I just replaced my Alpine DVA9861 with the Clarion DRZ9255. The Alpine was connected to an RF 3Sixty.2 for processing duties. The rest of my system consists of:

Alpine PDX 4.150
Alpine PDX 1.1000
Hertz Mille MLK 165 comps
Hertz HBX 300DS 12" Sub.

Did I notice enough of an improvement, to keep me from crying like a baby over the expense of replacing a perfectly good deck?
Thankfully, yes.
I'm not going to talk about any of the processing features, as there are other reviews on here that did that very well. I just wanted to give my personal, subjective, opinion on the sound quality.
The first thing I noticed was an improvement in clarity, and detail. It was as if a very thin film of clear plastic were removed from a picture and you could now see the details more clearly, The colours a little more distinctly. That's the best way I can describe it. 
There is a noticeable improvement in the "highs". Cymbals have more shimmer, and sparkle, with no trace of harshness. I hear details in the snare drum hits that I didn't notice with the Alpine. 
The midbass is much more controlled, tighter I guess. I played a couple of tracks from a Seal CD that I always found to be muddy in the bass and midbass, which I attributed to the recording, or my speakers. Through the DRZ, the bass was controlled, and distinct, no muddiness at all. It's the first time I actually enjoyed listening to that CD, in my truck.
The staging and imaging is also much better.
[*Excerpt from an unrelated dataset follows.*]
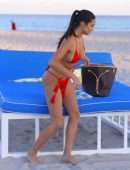 Tao Wickrath Booty in Red Bikini at Miami Beach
With my other decks I always felt more of a sense of right, left and center imaging. With this HU I don't feel a sense of empty space between the right, left and center, more cohesive. The instruments seem to be exactly where they should be. 
Depth of the soundstage is more noticeable also.
Don't get me wrong, the DVA9861 is a pretty nice sounding HU, and was half the price of the DRZ, but there is, IMHO, a noticeable improvement with Clarion.


----------



## Mr Burns (Sep 9, 2007)

I should mention that when I initially hooked up the DRZ, I ran it through the 3Sixty with the same settings as the Alpine had. There was no processing from the DRZ. I wanted to compare them under the same circumstances. Since this is my first review it may not be the best, and I certainly will try to answer any questions anyone may have.


----------



## buchaja (Nov 10, 2007)

What kind of truck, and where are your speakers installed? Thanks.


----------



## Mr Burns (Sep 9, 2007)

Ford F150 2005,

Mids are in stock door locations, on MDF baffles. Tweeters are in the "A" pillars.


----------



## Inferno333 (Mar 29, 2006)

Your review makes me pretty happy.

I've been looking for a reason to sell my 8053 and get a 9255.


----------



## michaelsil1 (May 24, 2007)

My DRZ got a little better after a short break-in period.


----------



## buchaja (Nov 10, 2007)

Mr Burns said:


> Ford F150 2005,
> 
> Mids are in stock door locations, on MDF baffles. Tweeters are in the "A" pillars.


Hmm, same truck, same year. And, I want that DRZ. Great minds think alike I guess!

Pics please, if you can. I mostly want to see the tweeter install in the pillars.


----------